Bei dem Projekt Landshut77 waren wir wirklich schnell. Nachdem die Interviews mit den Zeitzeugen bereits ein Jahr zuvor geführt wurden, haben wir dann von der Idee bis zur Fertigstellung ein Jahr gebraucht. Es war ein Projekt, was auch davon profitiert hat, dass wir in Corona-Zeiten Kapazitäten frei hatten und uns deshalb darauf konzentrieren konnten. Wir konnten einen „intensiven Sprint“ hinlegen, denn es ist eigentlich nicht üblich, das in einem Jahr auf die Beine zu stellen.
Welche Rückmeldungen haben Sie bekommen zu dieser Art, ein historisches Ereignis und das Erleben der betroffenen Menschen zu präsentieren?
Bis jetzt nur gute. Das Projekt haben wir im September letzten Jahres vor Ort – unter 2G-Bedingungen – präsentiert und haben dazu alle Interviewpartner*innen und Personen, die möglicherweise persönlich mit dem Ereignis verbunden sind, eingeladen. Das war so ähnlich wie die Erfahrung, die wir mit dem Interviewpartner gemacht haben, der zum ersten Mal öffentlich über die Erlebnisse gesprochen hat. Interviews mit Zeitzeugen finden nicht rein wissenschaftlich statt. Es geht nicht darum, wie professionell die Geschichte präsentiert wird. Es ist eine menschliche Begegnung mit den Erinnerungen und auch mit den Rahmenbedingungen, die das Leben von Menschen geprägt haben. Das ist sehr bereichernd und gleichzeitig sehr emotional für uns, aber auch für die, die wir damit angesprochen und erreicht haben. Ich glaube, so können wir die Menschen, die auf unsere Website stoßen, erreichen, weil diese Emotionalität in den Videos vorhanden ist und sich hoffentlich auch überträgt.
Möchten Sie zukünftig weitere Themen oder Ereignisse aus der deutschen Geschichte auf diese interaktive Art und Weise aufbereiten? Und falls ja, haben Sie schon eine Idee, was für Themen das sein könnten?
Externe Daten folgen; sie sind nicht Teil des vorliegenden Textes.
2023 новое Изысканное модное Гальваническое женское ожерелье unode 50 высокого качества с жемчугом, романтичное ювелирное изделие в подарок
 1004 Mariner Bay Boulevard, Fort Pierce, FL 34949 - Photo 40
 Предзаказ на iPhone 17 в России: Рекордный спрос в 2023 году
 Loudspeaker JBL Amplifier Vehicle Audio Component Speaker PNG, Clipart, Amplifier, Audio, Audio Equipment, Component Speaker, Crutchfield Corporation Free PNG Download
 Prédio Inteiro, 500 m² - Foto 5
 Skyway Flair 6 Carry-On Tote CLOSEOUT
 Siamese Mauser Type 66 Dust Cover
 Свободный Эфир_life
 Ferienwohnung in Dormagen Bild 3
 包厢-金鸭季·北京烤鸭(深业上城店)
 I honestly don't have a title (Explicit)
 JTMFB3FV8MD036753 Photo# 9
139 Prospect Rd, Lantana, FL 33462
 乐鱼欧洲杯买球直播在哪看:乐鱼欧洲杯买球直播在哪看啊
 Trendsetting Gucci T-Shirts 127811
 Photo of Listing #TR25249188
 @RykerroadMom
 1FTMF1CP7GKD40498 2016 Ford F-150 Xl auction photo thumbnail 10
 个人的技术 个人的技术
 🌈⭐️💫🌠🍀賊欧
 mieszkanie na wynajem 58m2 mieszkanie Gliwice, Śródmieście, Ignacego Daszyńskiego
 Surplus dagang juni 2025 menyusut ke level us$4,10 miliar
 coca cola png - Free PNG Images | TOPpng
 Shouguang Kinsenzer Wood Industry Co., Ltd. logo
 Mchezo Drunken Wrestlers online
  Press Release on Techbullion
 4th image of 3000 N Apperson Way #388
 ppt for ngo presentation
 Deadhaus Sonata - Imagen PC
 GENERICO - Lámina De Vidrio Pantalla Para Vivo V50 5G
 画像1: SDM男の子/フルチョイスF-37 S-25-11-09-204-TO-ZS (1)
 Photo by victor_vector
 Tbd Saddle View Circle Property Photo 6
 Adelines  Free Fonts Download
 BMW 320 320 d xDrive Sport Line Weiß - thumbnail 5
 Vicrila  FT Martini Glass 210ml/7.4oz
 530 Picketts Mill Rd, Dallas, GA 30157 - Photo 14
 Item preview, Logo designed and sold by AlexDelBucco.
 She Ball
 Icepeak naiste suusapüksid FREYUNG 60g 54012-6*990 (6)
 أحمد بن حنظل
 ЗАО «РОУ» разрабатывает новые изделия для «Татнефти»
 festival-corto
Eine weitere „Scroll-Dokumentation“ haben wir noch nicht vorgesehen. Das ist nun erst einmal das Format zu diesem Thema. Wir arbeiten aber an einem weiteren Online-Projekt, bei dem es um die Geschichte der Einheit – sprich die Revolution der Einheit und die Transformation in Berlin – gehen soll. Dieses Projekt wird hauptsächlich über Audio funktionieren, weil man vor allem unterwegs darauf zugreifen können soll. Hierbei werden wieder Zeitzeugen zu Wort kommen und wir werden auch hier über die Nutzung der Zeitzeugenstimmen hinausgehen, indem wir versuchen, stärker atmosphärisch zu arbeiten, das Emotionale mehr in den Vordergrund zu rücken und damit Zugänge zu schaffen.
Ein weiteres Projekt, mit dem wir uns befassen, ist ein künstlerischer Ansatz, wo es um die Frage nach der Kreativität geht. Warum sind Menschen kreativ? Warum sind sie es nicht? Dieses Projekt könnte für uns neue Türen öffnen, denn wir versuchen dabei hinsichtlich des Formates, auch unserer Kreativität freien Lauf zu lassen.
Das Interview führten Lyn Annika Stickelmann und Nele Sophia Welcher. Die Interviews entstanden in medienpraktischen Übungen im Bachelor-Studiengang “Mehrsprachige Kommunikation” an der TH Köln.